Neural networks use successive layers of computation to understand increasingly complex concepts, then arrive at an answer. Running deep learning systems on GPUs lets them train themselves on large volumes of data that involve multiplying data points by their statistical weights in parallel on graphics chips’ many small processors. In computer vision, the techniques have led to the ability to quickly identify people, objects, and animals in photos or on the street; build robots that can see and work better alongside humans; and develop vehicles that drive themselves.
“Training can use such vast amounts of computation that there are some problems constrained simply by the speed of processors,” says computer scientist Lowe. “However, training is highly parallel, meaning that just devoting more money to large data centers makes it possible to train problems of any size, so the decision can become simply an economic one: How many dollars should be devoted to finding the best solution to a given data set?”
Thousands of chips
For video analysis, for example, each new Nvidia A100 GPU incudes five video decoders (compared with one in the previous-generation chip), letting the performance of video decoding match that of AI training and prediction software. The chips include technology for detecting and classifying JPEG images and segmenting them into their component parts, an active area of computer vision research. Nvidia, which is acquiring mobile chip maker Arm Holdings, also offers software that takes advantage of the A100’s video and JPEG capabilities to keep GPUs fed with a pipeline of image data.

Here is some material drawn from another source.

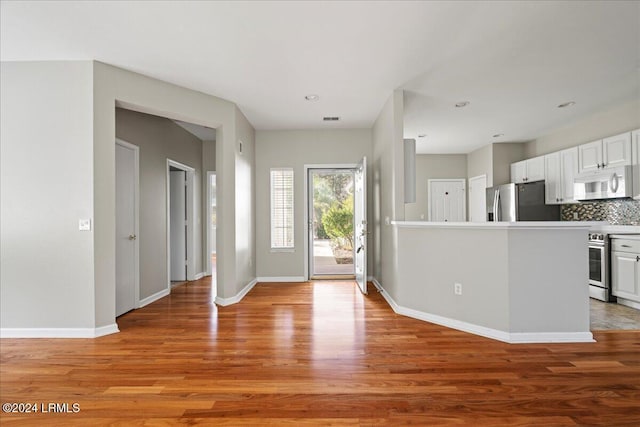 entryway with light wood-type flooring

Using Oracle Cloud, businesses can run applications that connect GPUs via a high-speed remote direct memory access network to build clusters of thousands of graphics chips at speeds of 1.6 terabits per second, says Sanjay Basu, Oracle Cloud engineering director.
An oil and gas reservoir modeling company in Texas uses Oracle Cloud Infrastructure to classify images taken from inside wells to determine promising drilling sites, Basu says. It also employs so-called AI “inference” to make decisions on real-world data after training its machine learning system.
94% of executives say their organizations are already using it, or plan to in the next year. 1
An auto insurance claims inspector runs a cluster of computers in Oracle’s cloud that train a machine learning system to recognize photos of cars damaged in accidents. Insurers can make quick repair estimates after drivers, using an insurer-provided app, send them photos snapped with their phones.
Oracle is also in discussions with European automakers about applying its cloud computing infrastructure to train automated driving systems based on images and video of traffic and pedestrians captured during test runs.
In a Deloitte survey of more than 2,700 IT and business executives in North America, Europe, China, Japan, and Australia published this year, 56% of respondents said their companies are already using computer vision, while another 38% said they plan to in the next year. According to research firm Omdia, the global computer vision software market is expected to grow from $2.9 billion in 2018 to $33.5 billion by 2025.
1 Source: Deloitte Insights “State of AI in the Enterprise” report, 2020.